Abstract

Introduction: Cancer survivors experience a high prevalence of vascular remodeling from their anti-cancer therapies, which can lead to arterial stiffness. High plasma homocysteine (Hcy) is associated with increased cardiovascular disease risk via its role in decreasing nitric oxide bioavailability and impairing vascular function. However, there is limited work on its role in cancer survivorship. We, therefore, hypothesized that survivors of breast, gastrointestinal, and prostate cancer with elevated plasma Hcy values have higher arterial stiffness and lower endothelial function compared to those with low plasma Hcy. Methods: We evaluated cardiovascular disease-free cancer survivors in the Framingham Heart Study Offspring Cohort (n=196, 66±8 years old, 55.1% women, 26.4±1.2 years from cancer diagnosis, Range: [23.8 - 29.6 years]) with plasma Hcy measurements.
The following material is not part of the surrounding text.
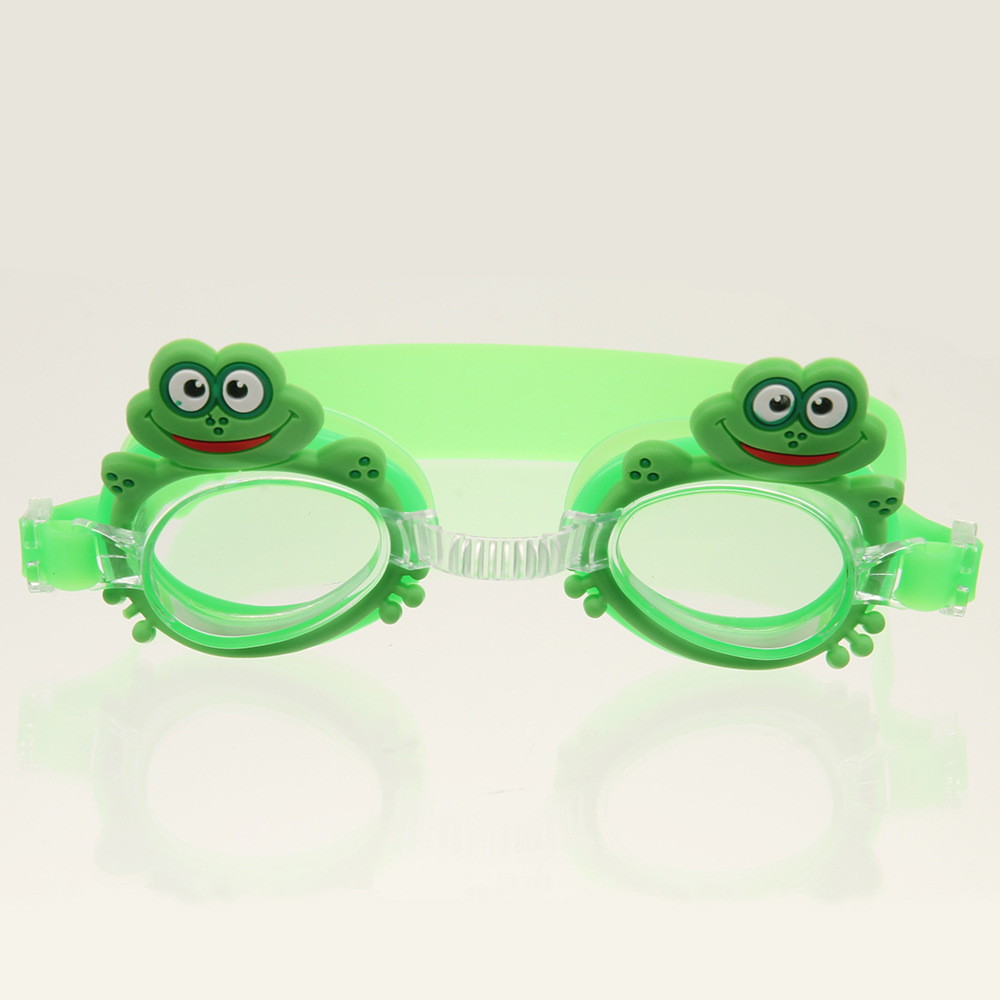 [Factory Wholesale] Children's Cartoon Swimming Goggles Hd Waterproof Unicorn Crab Swimming Goggles Cute Swimming Glasses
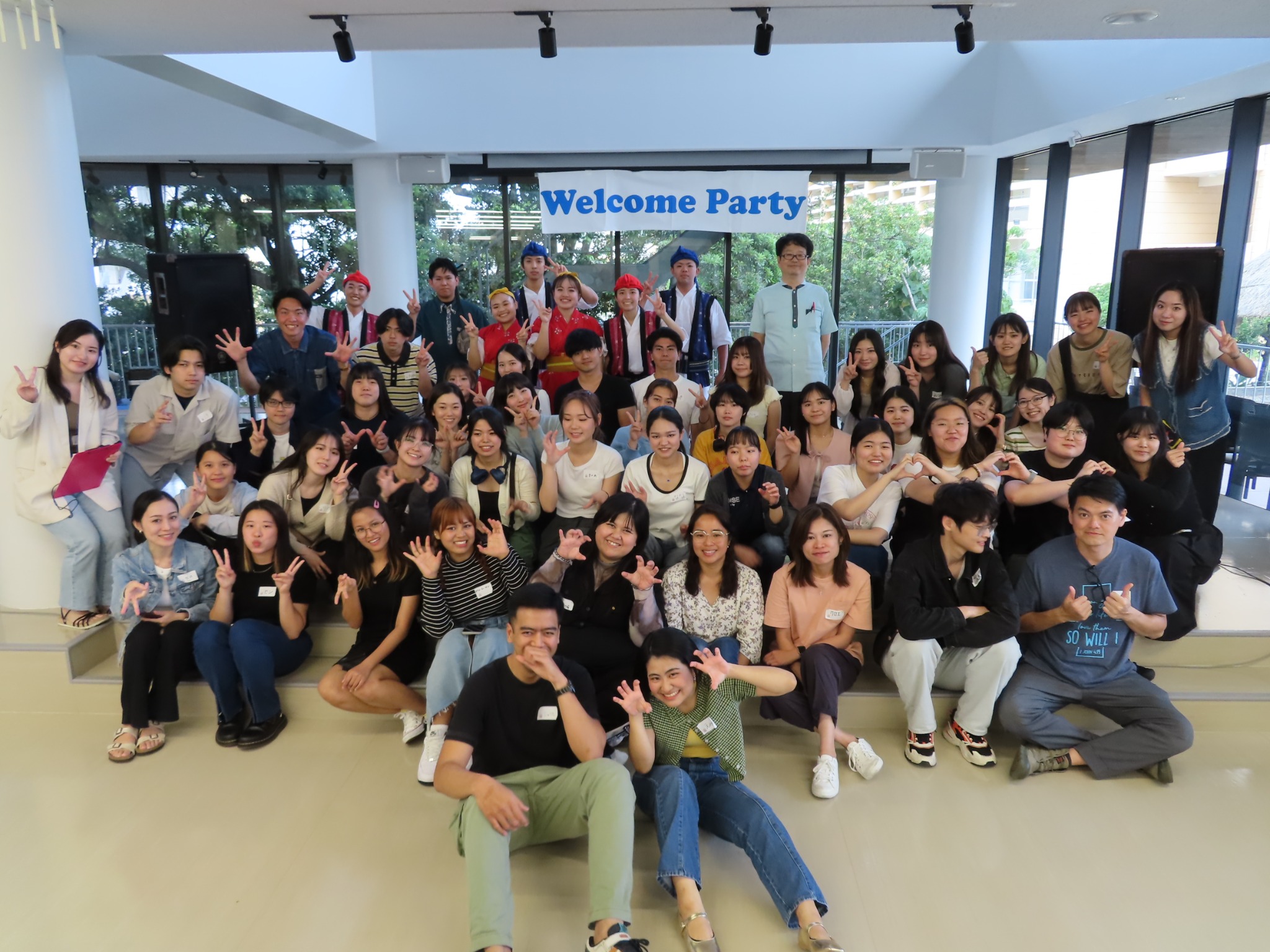 参加者全員での記念撮影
The cohort median plasma Hcy was used to define low (<8.16 μmol/L) and high Hcy (≥8.16 μmol/L) groups. Arterial stiffness was assessed via carotid-femoral pulse wave velocity (cfPWV). Peripheral vascular endothelial function was assessed via endothelium-dependent brachial artery flow-mediated dilation (FMD). Differences in cfPWV, FMD, and cardiovascular risk factors were assessed via independent sample t-test or chi-square test. Differences in cfPWV and FMD were further assessed via one-way ANCOVA with age, sex, and cardiovascular medications included as covariates. Results: cfPWV was significantly higher in the high Hcy (9.9±1.5m/s) vs. low Hcy group (8.5±1.9m/s, p=0.005); however, there were no differences in FMD between groups (2.4±1.7 vs. 2.7±2.0%, p=0.42). After controlling for our covariates, cfPWV was still significantly higher in the high Hcy group (Mean[95% CI]): (9.8[9.0-10.61]) compared to the low Hcy group (8.5[8-9.1]) (p=0.015). Conclusions: Our findings suggest an association between elevated Hcy and an increase in arterial stiffness in cancer survivors. This supports the potential adverse consequences of vascular stiffening following cancer diagnosis and treatment which could have long-term cardiovascular health implications.